WORK ITEM
Which lines below fall between the one containing "The Cottonwood Inn" and the one containing "Amalie | Bottes doublées"? Repeat them exactly, counting both of those lines, and add nothing else.

DATA FOR THIS EXERCISE
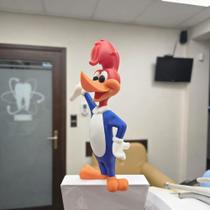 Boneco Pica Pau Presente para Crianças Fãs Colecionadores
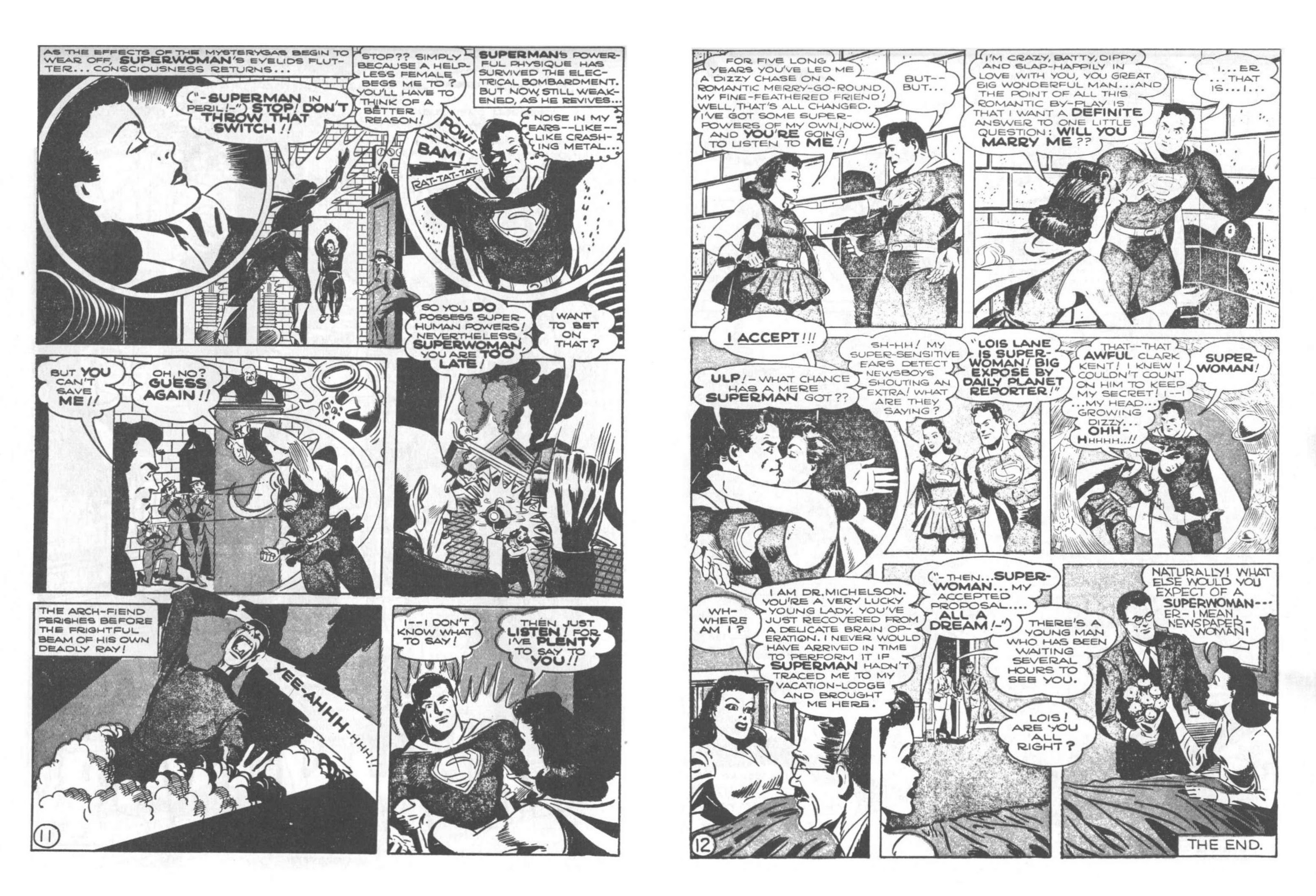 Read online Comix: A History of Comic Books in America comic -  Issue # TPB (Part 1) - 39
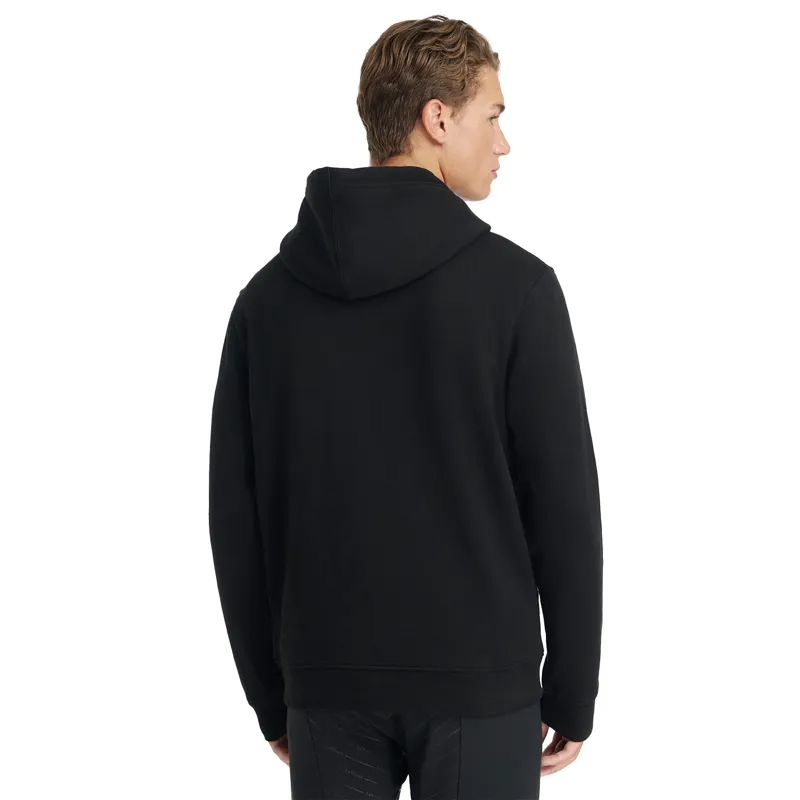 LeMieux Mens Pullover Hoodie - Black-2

---

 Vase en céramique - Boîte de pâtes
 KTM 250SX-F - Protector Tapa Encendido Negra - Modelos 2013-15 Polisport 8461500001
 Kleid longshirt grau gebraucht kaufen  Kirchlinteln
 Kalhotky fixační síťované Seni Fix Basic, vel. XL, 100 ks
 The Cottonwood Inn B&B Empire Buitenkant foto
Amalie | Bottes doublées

* * *

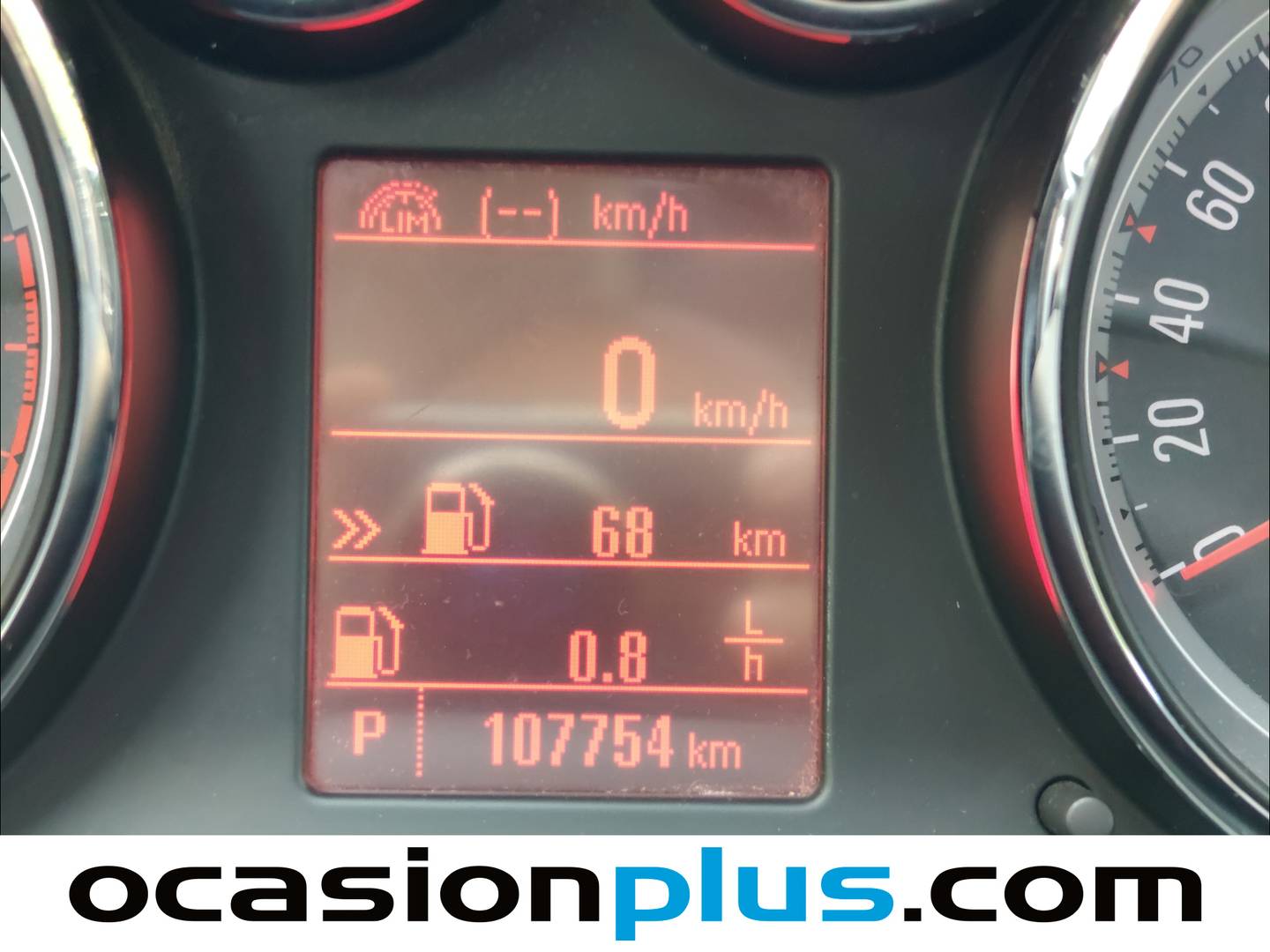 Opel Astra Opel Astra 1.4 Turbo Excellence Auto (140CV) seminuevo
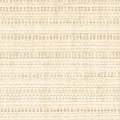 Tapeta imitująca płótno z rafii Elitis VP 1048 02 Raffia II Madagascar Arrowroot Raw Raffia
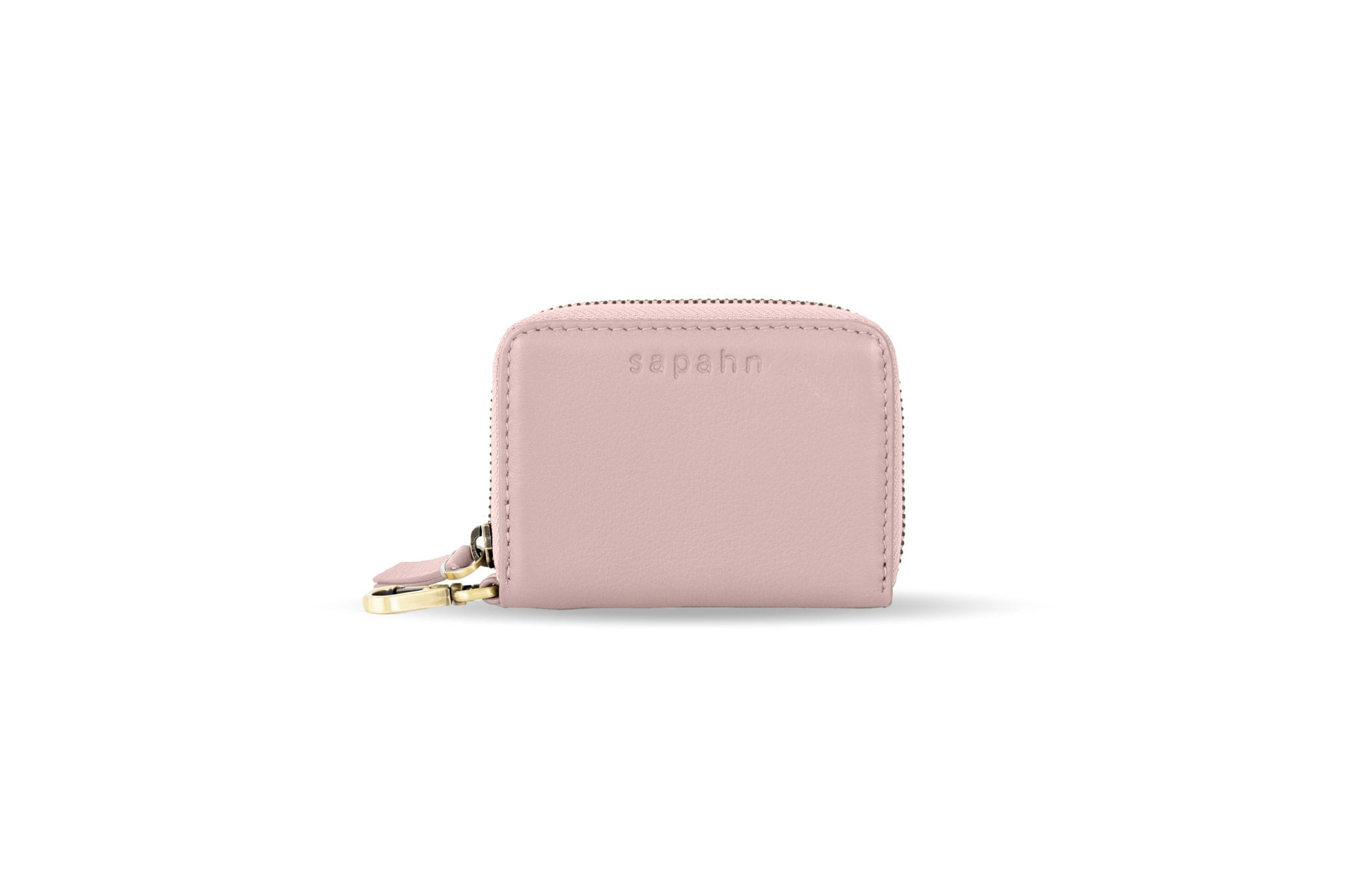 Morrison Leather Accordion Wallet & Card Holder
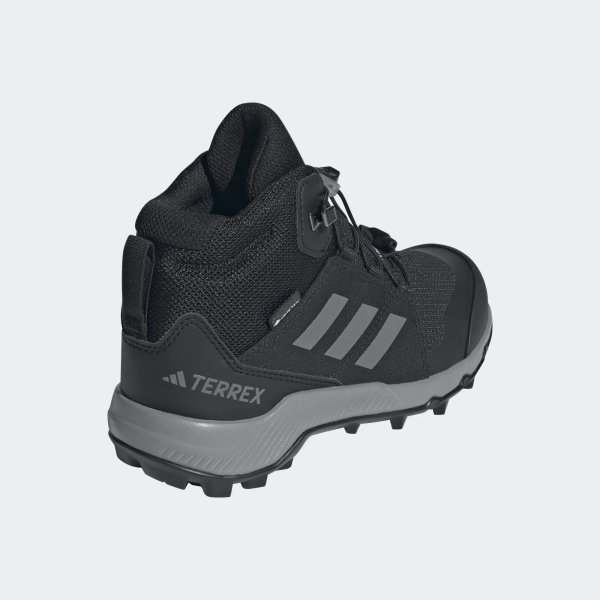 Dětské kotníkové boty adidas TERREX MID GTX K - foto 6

EXERCISE SOLUTION
 The Cottonwood Inn B&B Empire Buitenkant foto
Amalie | Bottes doublées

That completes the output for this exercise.